• Exercise directions: Only the stretch below from the line holding "Lahome Boho Rugs" through the line holding "Black Mermaid Spaghetti" should be restated, word for word and with both ends included; pictures stay out.

• Data for this task:
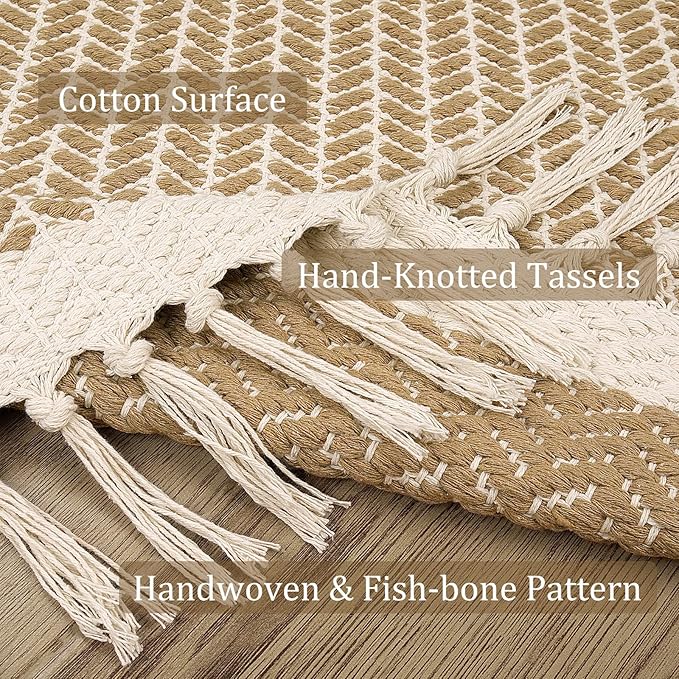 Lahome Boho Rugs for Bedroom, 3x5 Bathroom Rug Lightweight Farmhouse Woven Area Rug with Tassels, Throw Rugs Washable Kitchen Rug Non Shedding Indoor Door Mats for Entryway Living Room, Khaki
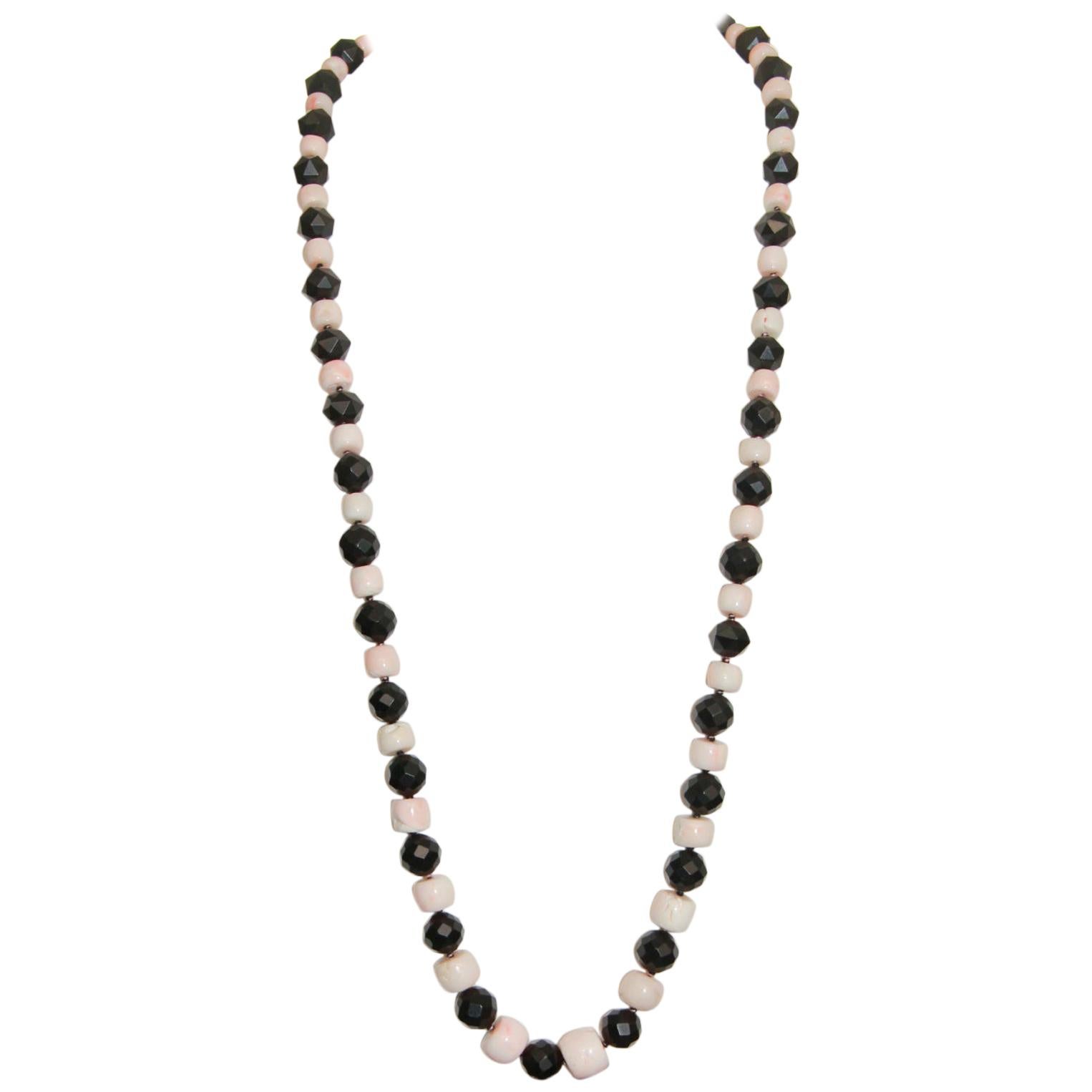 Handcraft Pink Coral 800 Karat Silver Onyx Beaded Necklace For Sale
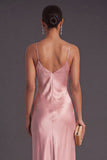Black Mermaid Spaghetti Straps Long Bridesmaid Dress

...

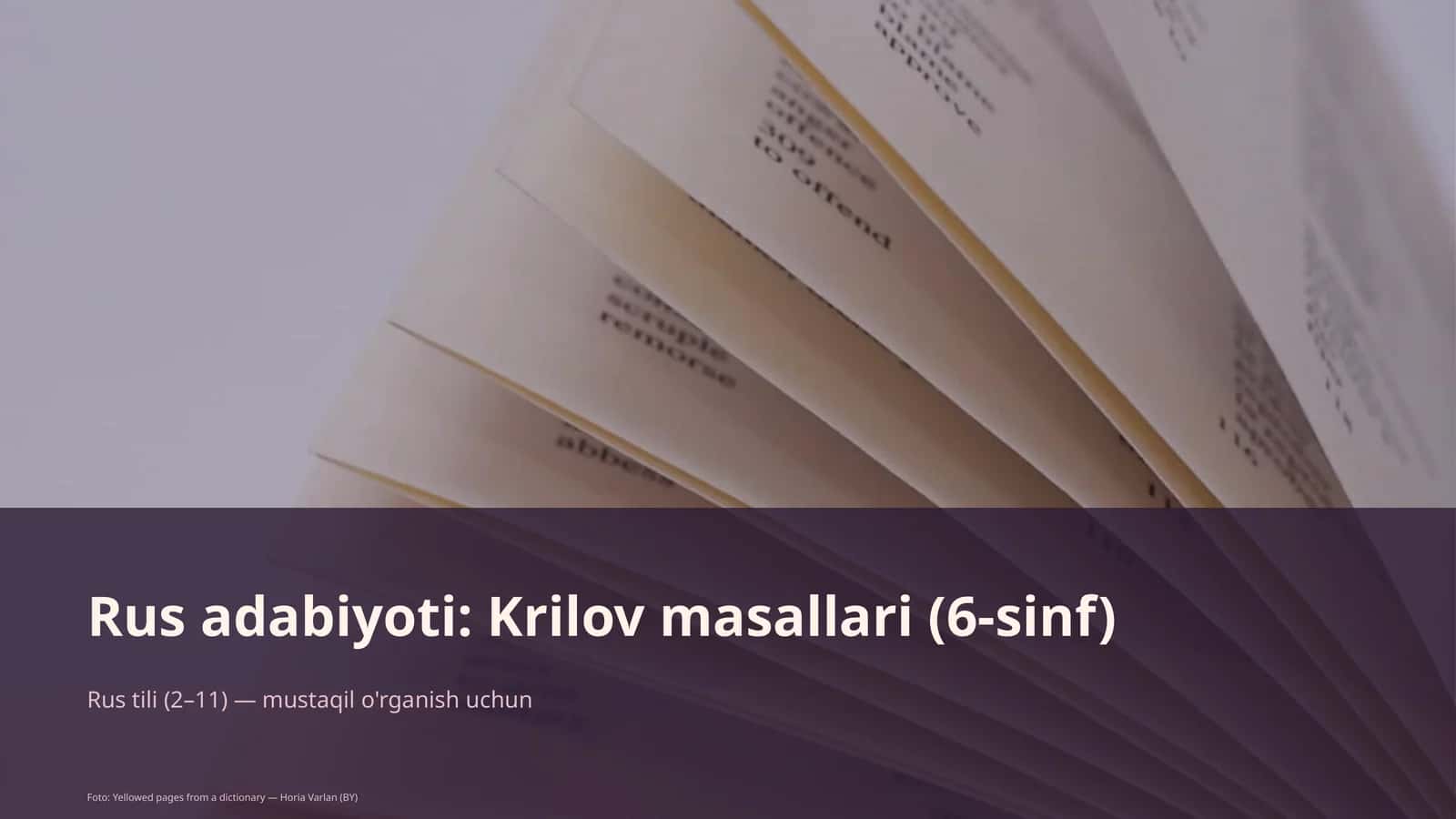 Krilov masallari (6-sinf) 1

• Response to the task:
 Lahome Boho Rugs for Bedroom, 3x5 Bathroom Rug Lightweight Farmhouse Woven Area Rug with Tassels, Throw Rugs Washable Kitchen Rug Non Shedding Indoor Door Mats for Entryway Living Room, Khaki
 Handcraft Pink Coral 800 Karat Silver Onyx Beaded Necklace For Sale
Black Mermaid Spaghetti Straps Long Bridesmaid Dress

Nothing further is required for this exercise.